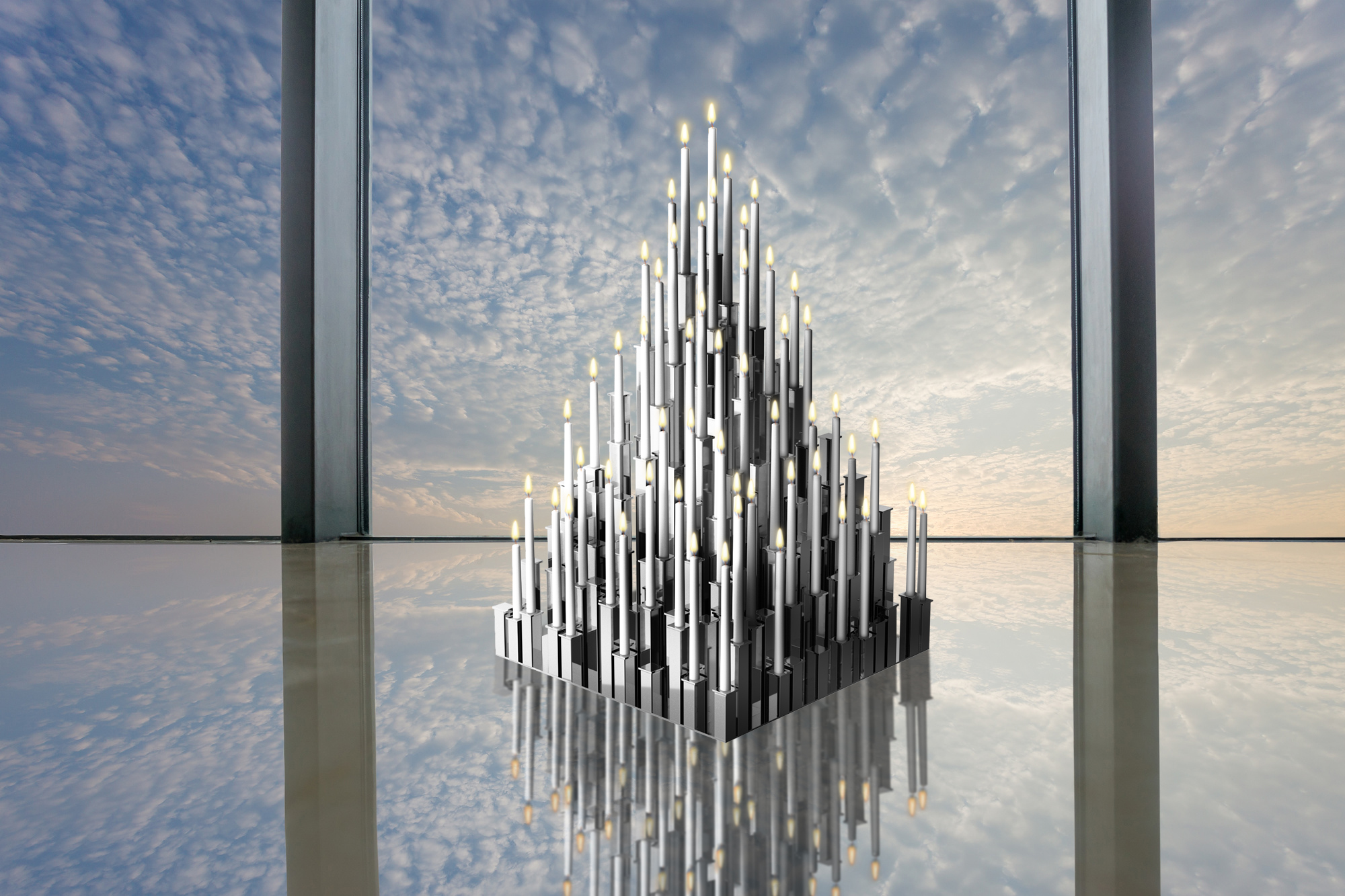 Gigantic 4 Foot Pyramid Candelabra - Modern / Modernist Steel Candle Holder. Geometric Sculpture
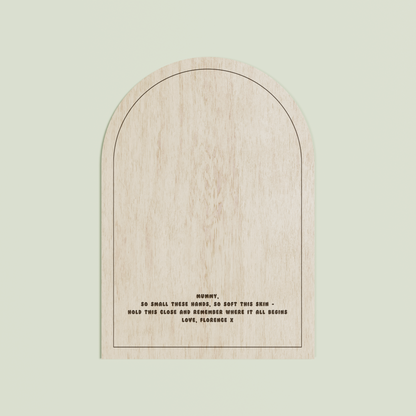 Hugo arch wooden handprint plaque with plain border and engraved text | Saint Sauvant Auckland NZ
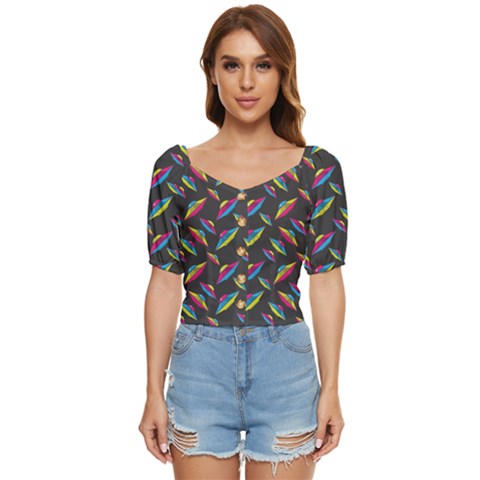 Alien Patterns Vector Graphic Button Up Blouse by Ket1n9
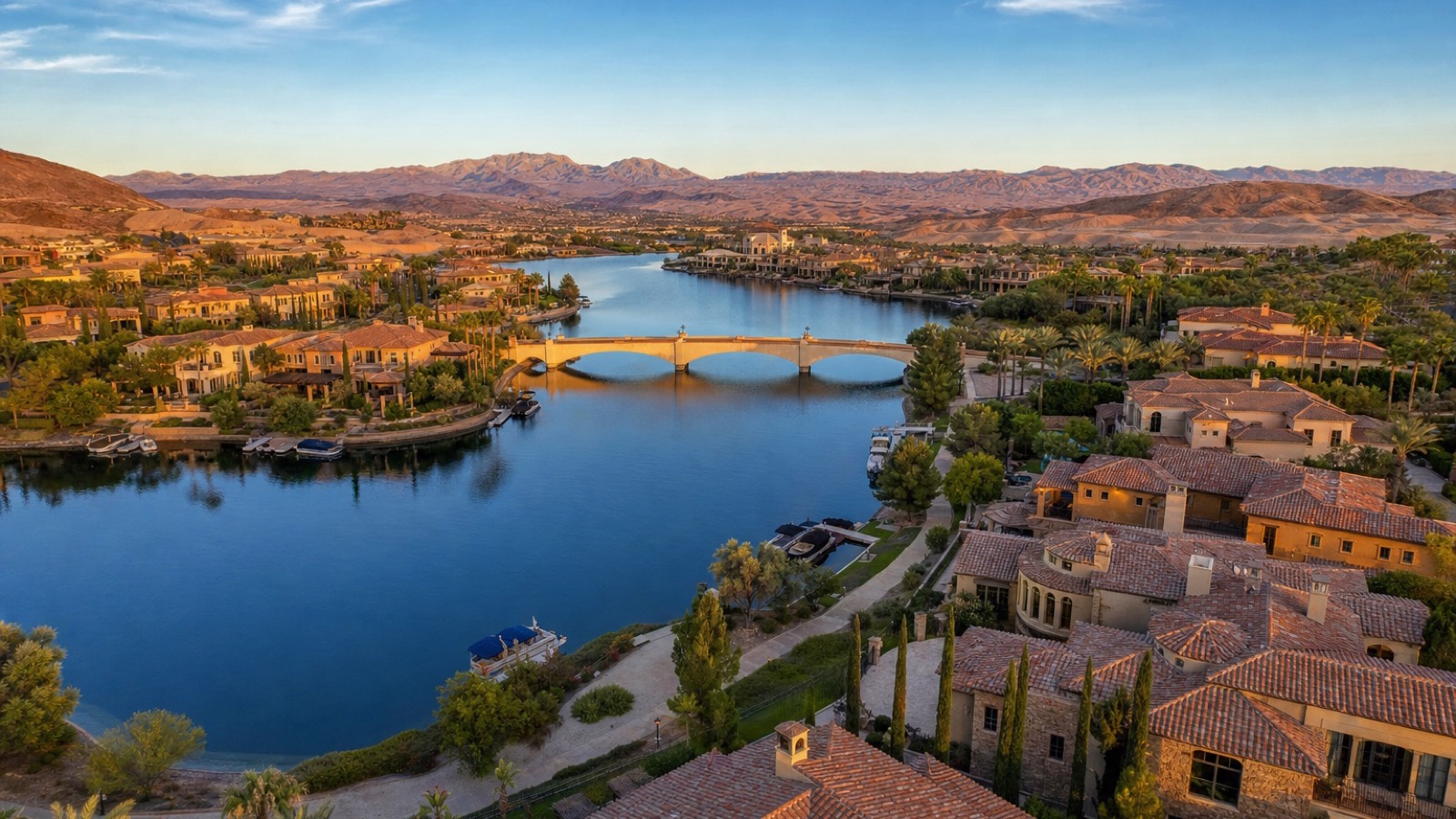 Lake Mead overlook near Boulder City Nevada with blue water and desert mountains
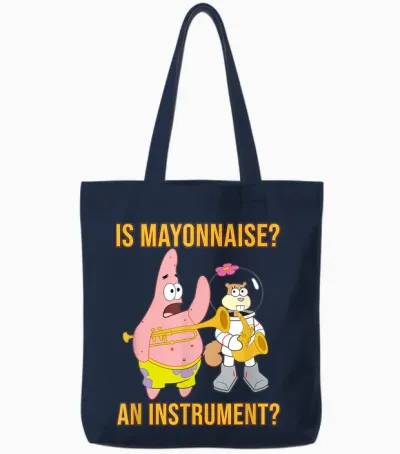 Mademark X Spongebob Squarepants - Patrick & Sandy - Is Mayonnaise an Instrument? Tote Bags - Navy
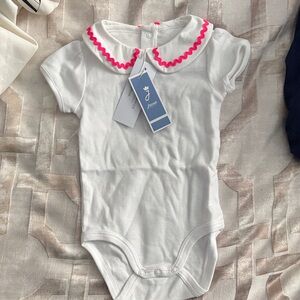 White Short-Sleeve Baby One-Piece with Pink Trim jacadi
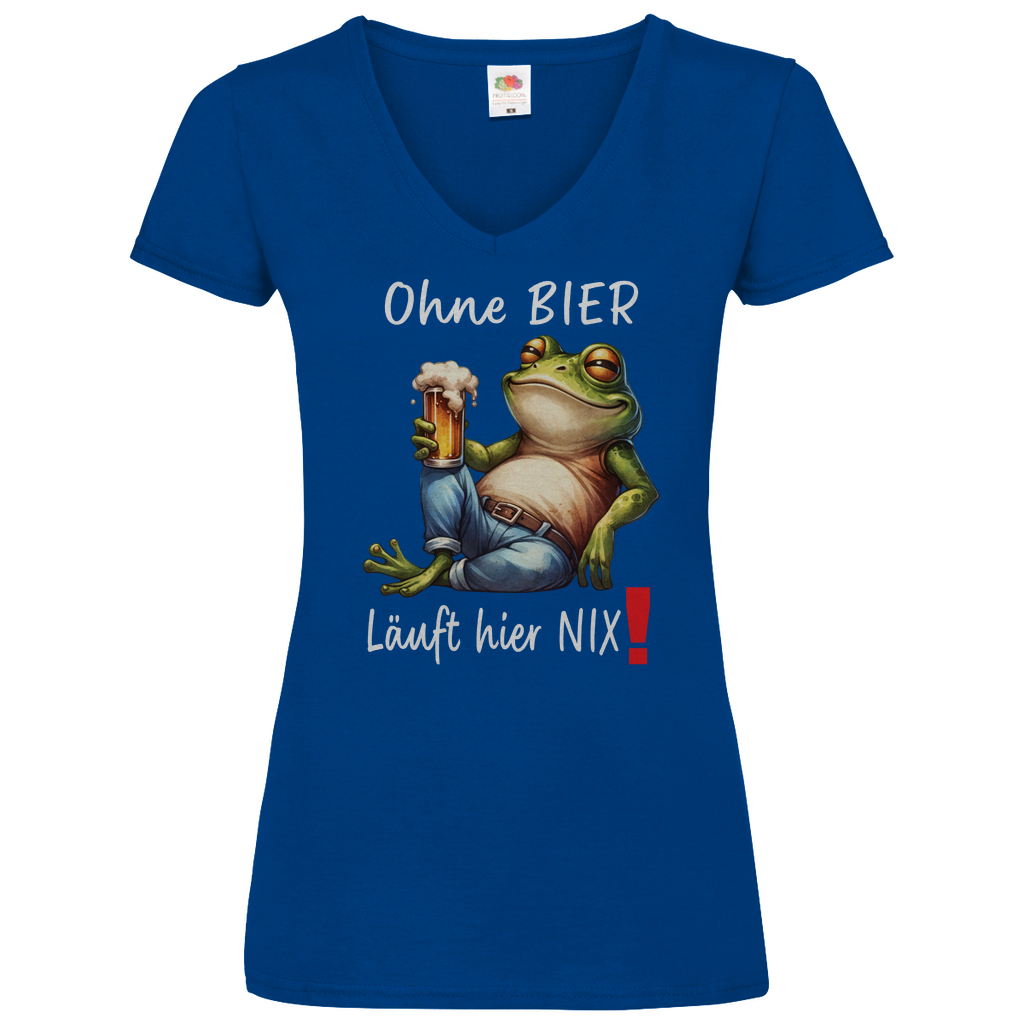 Damen Basic V-Neck T-Shirt Ohne Bier-01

■ ■ ■

▶ **What the task requires**
Each line from the start of the entries above through the line with "Lake Mead overlook" should be duplicated exactly, leaving out the pictures.

▶ **Your response**
 Gigantic 4 Foot Pyramid Candelabra - Modern / Modernist Steel Candle Holder. Geometric Sculpture
 Hugo arch wooden handprint plaque with plain border and engraved text | Saint Sauvant Auckland NZ
 Alien Patterns Vector Graphic Button Up Blouse by Ket1n9
 Lake Mead overlook near Boulder City Nevada with blue water and desert mountains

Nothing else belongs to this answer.